In: http://casadosanussim.shavei.org/2014/12/31/comentario-sobre-a-parasha-da-semana-vayechi/

Chegamos ao final. Nesta Parashá nos despedimos de Yaakov, esta semana nos despedimos de Israel, a personalidade e a terra. O comentarista Rashi indica no início da Parashá, que, com a morte de Yaakov, os egípcios começaram todo processo que levaria a nossa servidão. Para proteger seus filhos da escuridão que viria e, sendo um bom pai, Yaakov abençoa cada um de seus filhos. As bênçãos são famosas por nos mostrar o atributo de cada tribo por si só, algo que somente ele pode, e deve, complementar entre todos os irmãos. A bênção de cada um somente pode se concretizar, caso as outras onze bênçãos, também sejam concretizadas.

A bênção de Yaakov a Shimon e Levi se destaca pelo discurso. Ao referir-se ao massacre que os irmãos realizaram em Shechem, Yaakov diz que “em sua fúria, matou um homem… maldita seja sua fúria pois é descarada e sua raiva é cruel” (Bereshit 49:6,7). Rashi, neste episódio, ensina uma importante lição para todos os pais e educadores, ao enfatizar que: “Yaakov amaldiçoa a raiva de seus filhos, e não eles mesmos”.

O Talmud relata que quando o Rabino Meir teve problemas com um grupo de vizinhos que o incomodavam profundamente, orou intensamente para D’us ter misericórdia destes pecadores e acabar com suas vidas.

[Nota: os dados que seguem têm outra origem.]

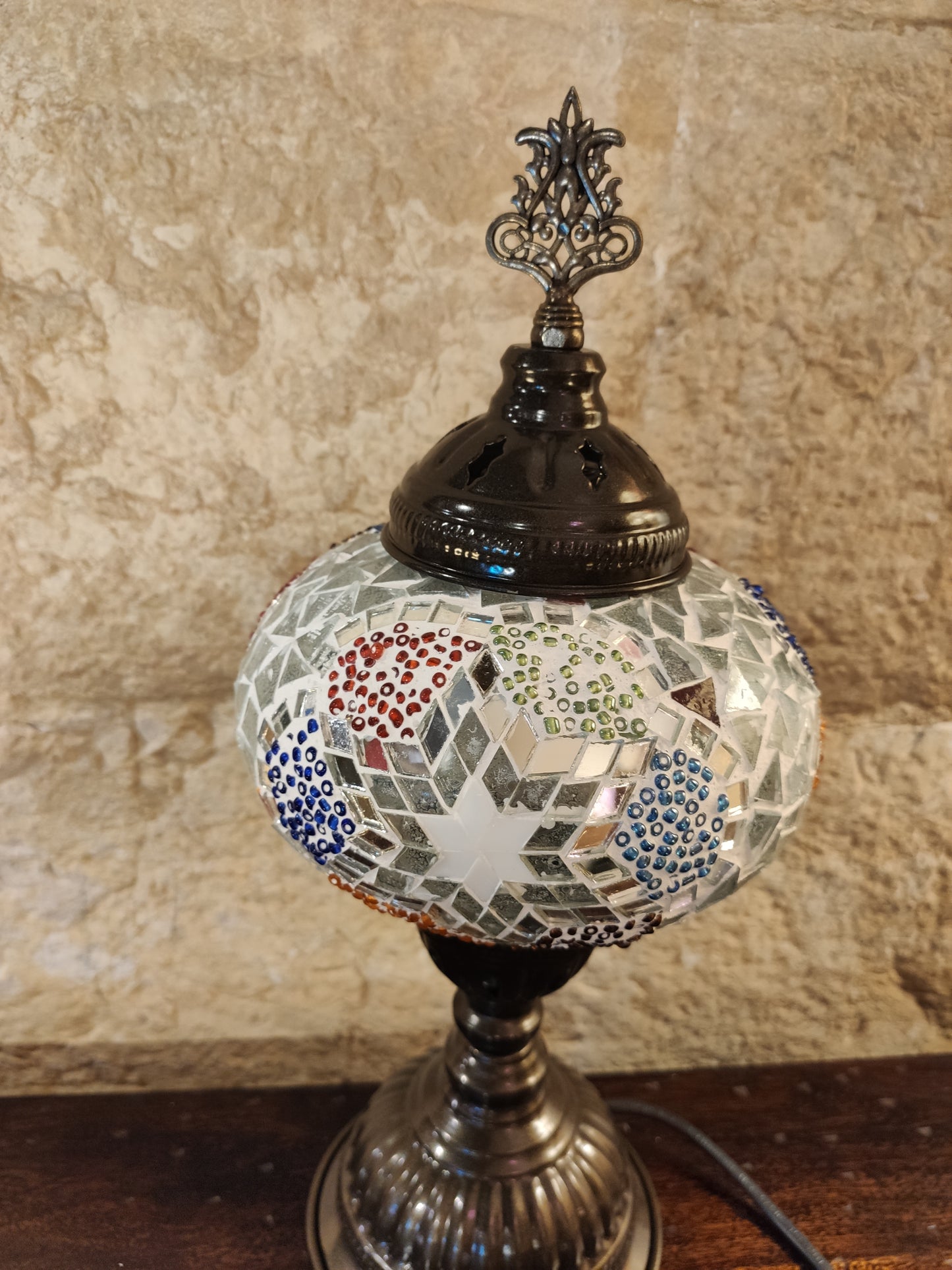 Turkish mosaic glass lamp for ethnic decor 8M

Beruriah, sua esposa, neste momento, o corrigiu. “Não devemos orar pela morte do pecador, mas sim pelo pecado”. O Rabino então mudou sua reza e os pecadores começaram a decidir por um caminho melhor. (Berachot 9b).

Mas aqui, Yaacov não está chamando seus filhos de pecadores nem condenando suas ações. No início da Parashá, quando Yaacov dá uma porção extra de terra para Yosef, ele diz, “e eu vos darei Shechem, a mais do que a seus irmãos, que eu tomei dos Emoritas com a minha espada e meu arco” (Bereshit 48:22).

Yaacov exclama orgulhosamente que participou da conquista militar de Shechem. Shechem foi verdadeiramente uma cidade perversa, embora nossos sábios não tenham alcançado um acordo sobre qual foi o principal pecado da cidade. Contudo, estes são unânimes ao dizer que Shechem mereceu seu destino e que, o sequestro e estupro de Diná, a filha de Yaakov, foi a “gota d’água” na conclusão de seu veredicto.

Mas se Yaakov não almadiçoava nem seus filhos e nem suas ações por todo este episódio, o que Yaakov almadiçoava exatamente?

Sua maldição, na verdade, se referia a intenção. Não era suficiente que a cidade de Shechem tenha, eles mesmos, selado seu destino, para justificar as ações dos filhos de Yaakov. Estes deveriam ser puros em suas intenções para, desta maneira, serem puros em suas ações.

Alguém que busca a justiça por raiva apenas está à procura de vingança. D’s não tem interesse num mundo em que as pessoas sejam justas em suas ações, mas sejam motivadas pelo ódio ou mesmo, pela falta de amor.

A justiça é uma regra básica para a sociedade, mas é somente um fundamento. Quando Shimon e Levi massacraram a cidade de Shechem, este foram motivados pela raiva gerada pela humilhação de sua irmã e de sua família, e não, pelo ataque contra a moral humana e o terrível pecado contra D’s.

O grande sábio Chafetz Chaim, descreve seis pré-condições necessárias que seja justificado fornecer informações negativas sobre uma terceira pessoa e, assim, evitar os danos que podem causar aos envolvidos. A última condição é que, não se pode apreciar o relato negativo. Meso que a minha intenção de causar dano a outro, de alguma maneira esteja justificada, a minha satisfação não está, e é considerada um pecado.

Nesta semana, quando Yaacov amaldiçoa a fúria de seus filhos, lhes está ensinando que a ação correta é apenas o começo do extenso caminho para tornarmos pessoas verdadeiramente íntegras. Executar uma ação correta não é sinônimo de fazer a coisa certa. Para agir com justiça neste mundo e linfluenciar outros neste caminho, minhas ações devem ser motivadas por um desejo genuíno de fazer o que é melhor para todos, não apenas o que é bom para mim. A raiva nunca é um bom motivador e, inclusive, estimula que o Povo de Israel continuhado entre as nações, assim como Shimon e Levi estiveram separados de seus irmãos.